**What is required:** Below this line are records; transcribe exactly the lines between the one holding "15 Daffodil Street, Titirangi, Auckland" and the one holding "Faruri Full LED", inclusive, and omit the pictures.

**Scraped caption text data:**
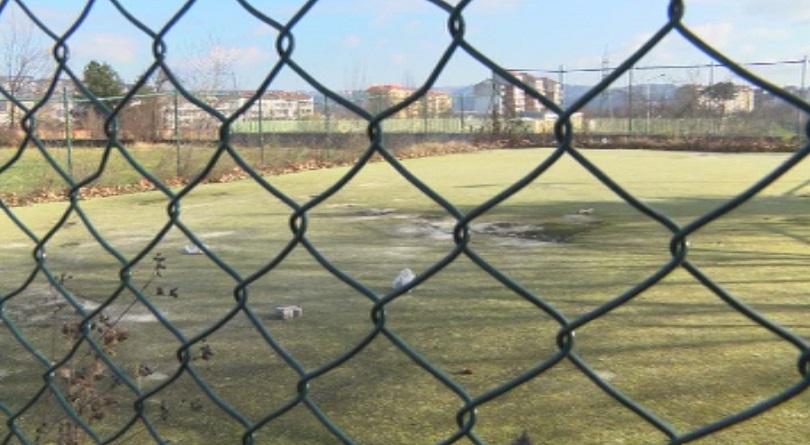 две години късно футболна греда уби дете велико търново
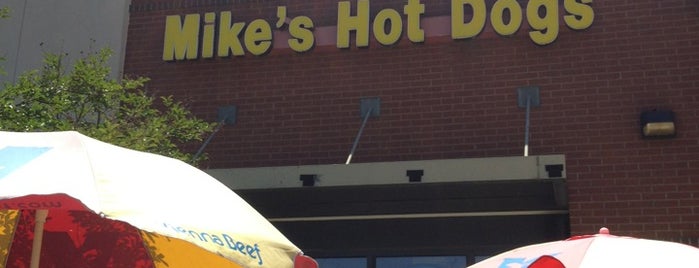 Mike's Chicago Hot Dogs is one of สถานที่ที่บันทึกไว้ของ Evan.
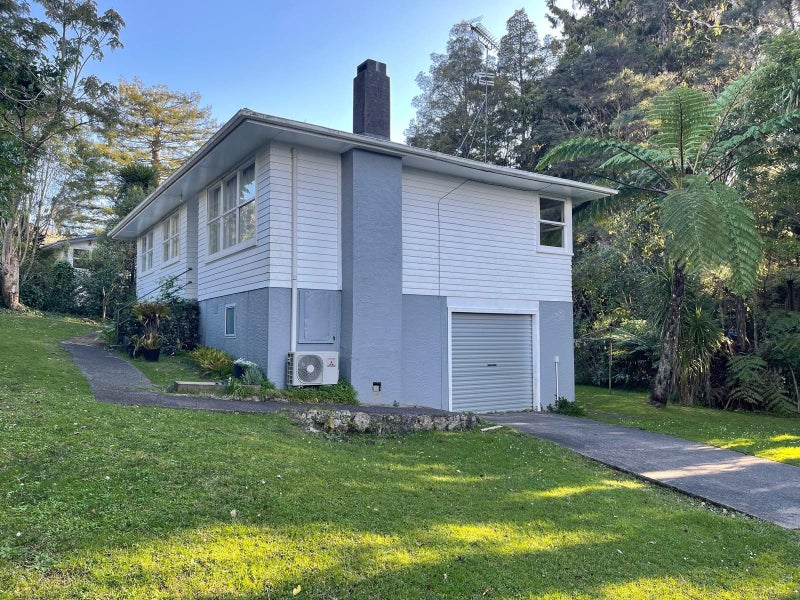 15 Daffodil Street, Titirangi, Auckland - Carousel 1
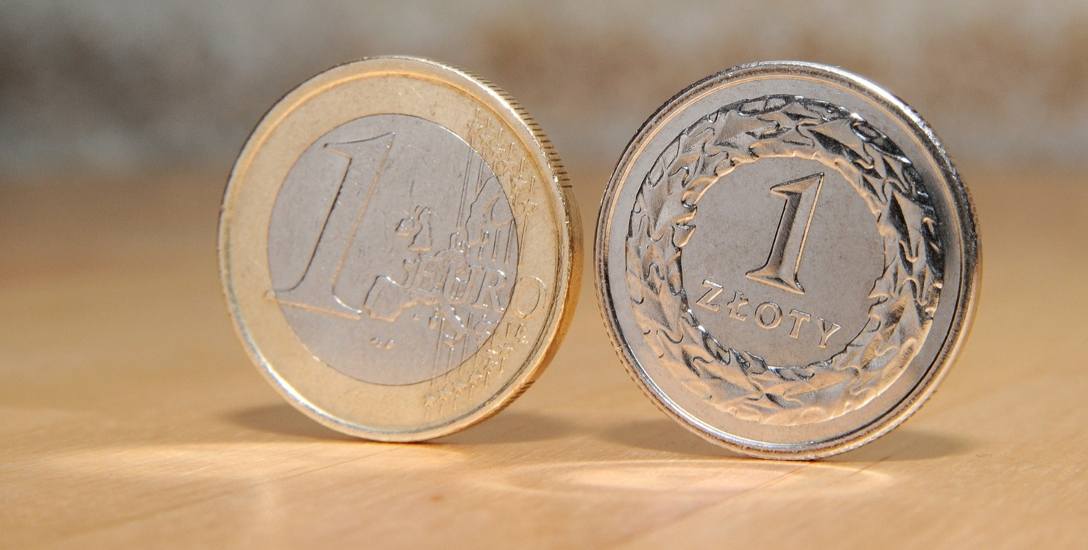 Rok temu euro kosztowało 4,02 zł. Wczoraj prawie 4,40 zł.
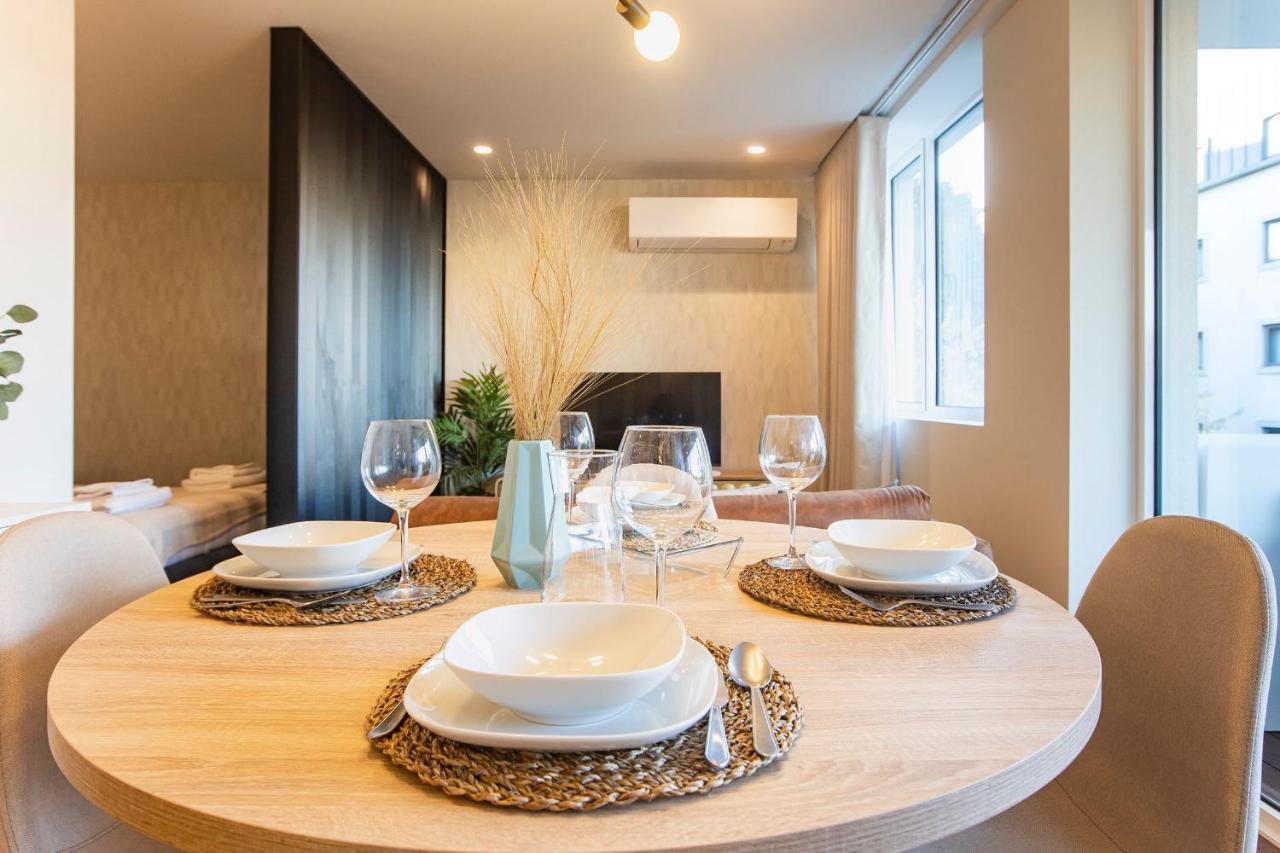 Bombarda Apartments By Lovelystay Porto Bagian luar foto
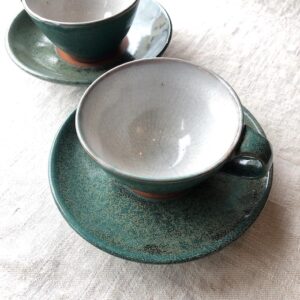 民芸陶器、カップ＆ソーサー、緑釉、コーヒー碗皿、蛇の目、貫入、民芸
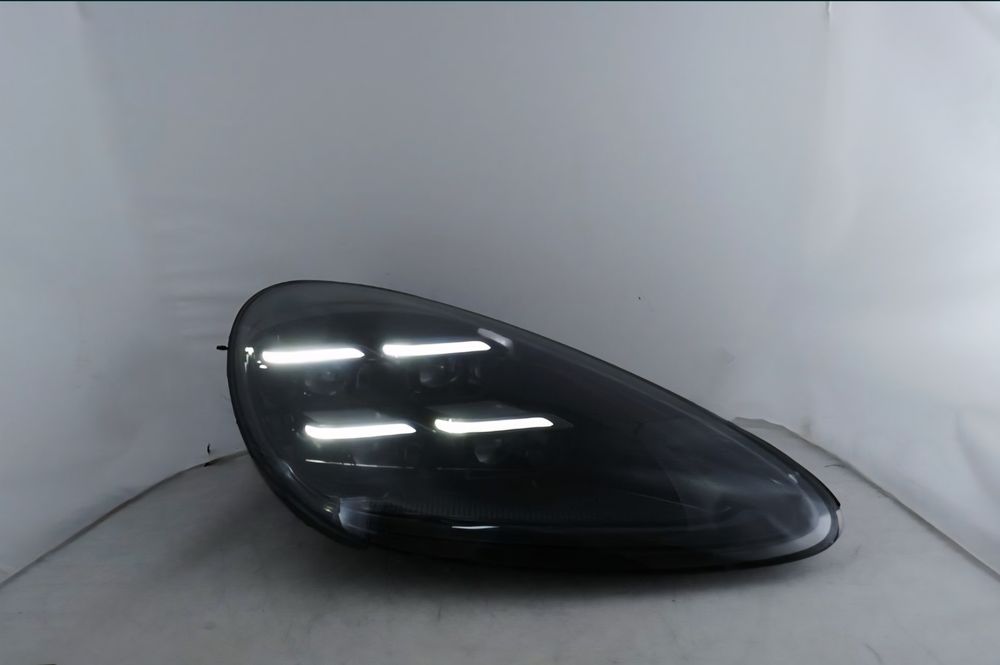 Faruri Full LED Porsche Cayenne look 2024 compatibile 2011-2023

==

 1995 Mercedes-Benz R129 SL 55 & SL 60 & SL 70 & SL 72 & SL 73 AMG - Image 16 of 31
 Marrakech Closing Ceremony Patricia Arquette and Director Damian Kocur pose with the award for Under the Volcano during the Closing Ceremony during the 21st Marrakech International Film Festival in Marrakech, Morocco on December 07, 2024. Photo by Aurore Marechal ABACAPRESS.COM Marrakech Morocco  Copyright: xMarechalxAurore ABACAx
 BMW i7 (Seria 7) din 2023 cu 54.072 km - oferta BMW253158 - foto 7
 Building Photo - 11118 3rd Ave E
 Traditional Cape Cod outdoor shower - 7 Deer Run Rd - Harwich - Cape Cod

* * *

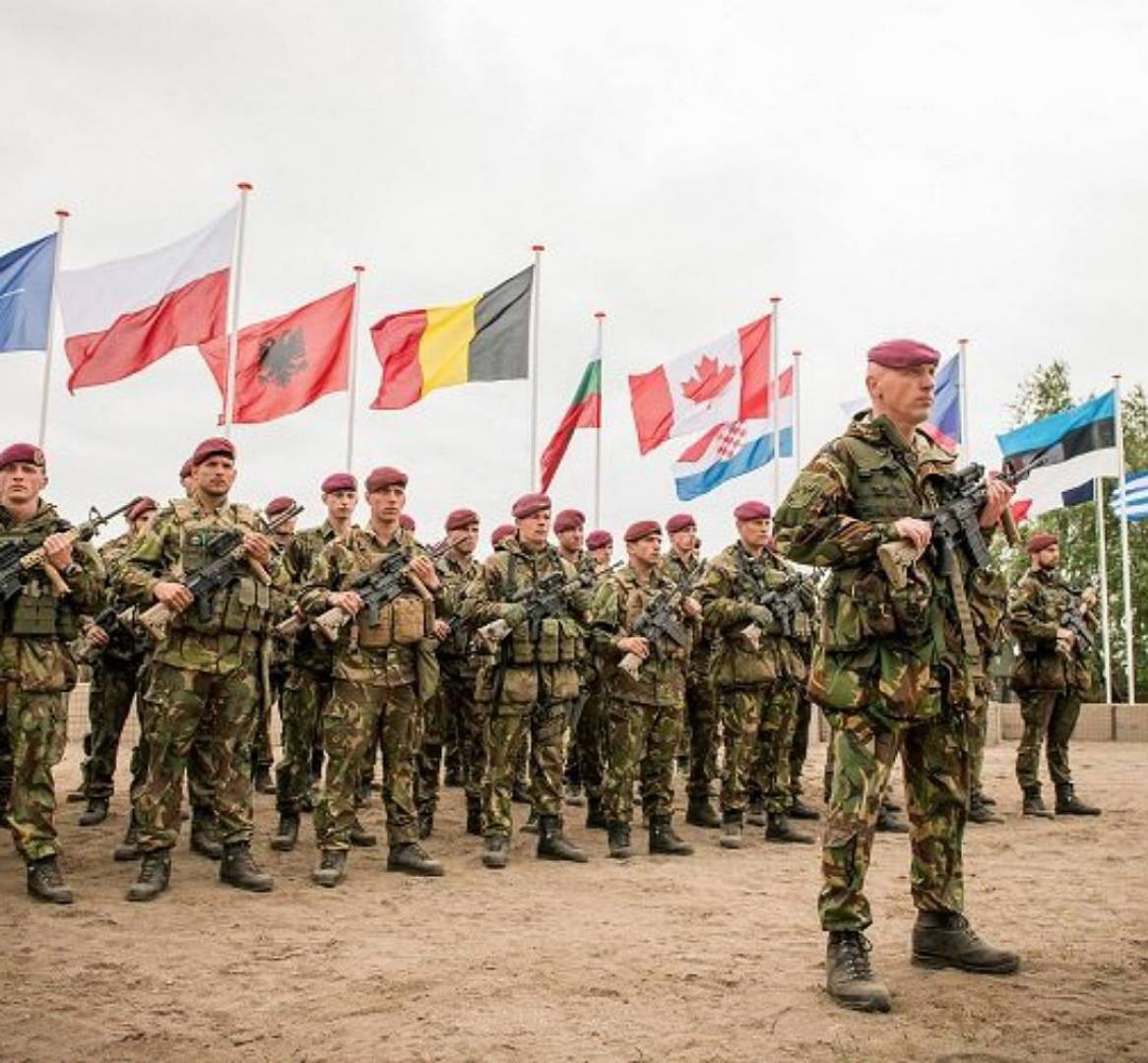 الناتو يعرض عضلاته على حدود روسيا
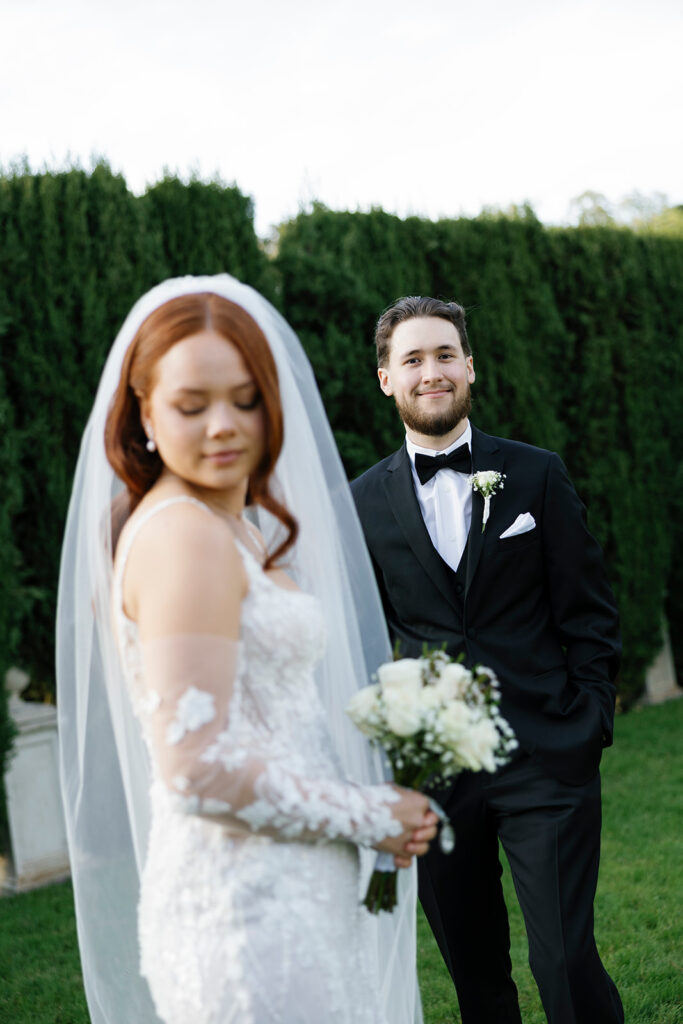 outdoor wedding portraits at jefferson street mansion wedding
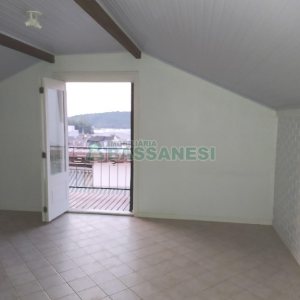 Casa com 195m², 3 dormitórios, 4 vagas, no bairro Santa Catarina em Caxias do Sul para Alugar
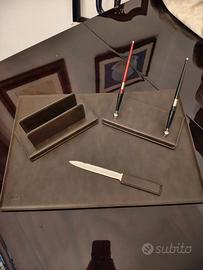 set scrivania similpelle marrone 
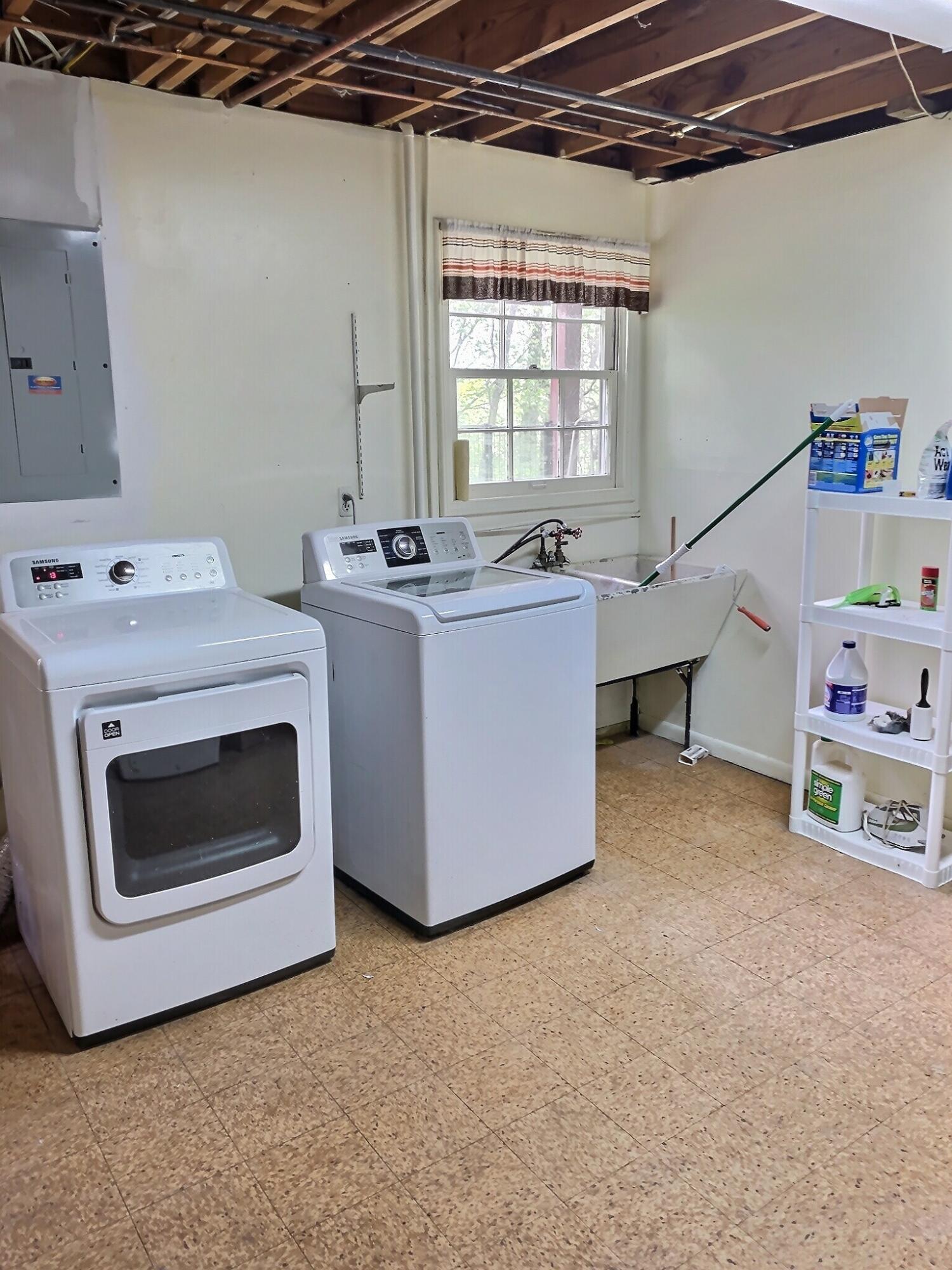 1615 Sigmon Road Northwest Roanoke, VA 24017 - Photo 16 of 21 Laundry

**Result:**
 15 Daffodil Street, Titirangi, Auckland - Carousel 1
 Rok temu euro kosztowało 4,02 zł. Wczoraj prawie 4,40 zł.
 Bombarda Apartments By Lovelystay Porto Bagian luar foto
 民芸陶器、カップ＆ソーサー、緑釉、コーヒー碗皿、蛇の目、貫入、民芸
 Faruri Full LED Porsche Cayenne look 2024 compatibile 2011-2023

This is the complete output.